Last Easter I attended my first pop-up restaurant, organised by two friends and colleagues, Joseph Trivelli and Stevie Parle, chefs from the River Café where I am a sommelier. In a boat club in Hammersmith, west London, they cooked an Easter lunch of roast kid for 50 people on long trestle tables.
I sat next to a photographer from Chelsea and a butcher from Battersea. Opposite me sat Kerstin Rodgers, or Ms Marmite Lover, a pioneer of the supper club movement. Rodgers has been serving dinners to paying guests in her home in Kilburn, north-west London, since January 2009.

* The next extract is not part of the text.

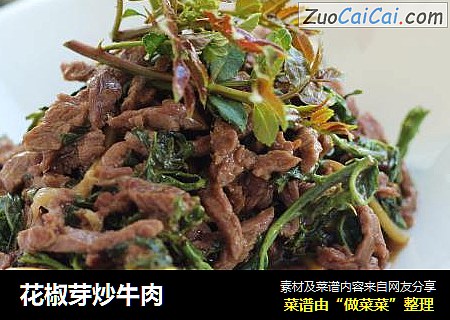 花椒芽炒牛肉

Six months later I served wine at a pop-up restaurant, open for only eight weeks on the top floor of Selfridges. It was fine dining in the most glamorous of settings; a designated lift took customers into a world of white lights, white carpets and panoramic views. Secret, special and fully booked from the start, it marked the return of a legendary chef, Pierre Koffman, one of the few to achieve three Michelin stars at a London restaurant (La Tante Claire), and pig’s trotters, the dish that every foodie wanted to taste. (His new restaurant, Koffman’s, opened a few months ago at the Berkeley Hotel in Knightsbridge.)
You never know what to expect at pop-up restaurants. They are intimate and, usually, informal. You eat only what the chef loves to cook, and you sit wherever there is space on the tables.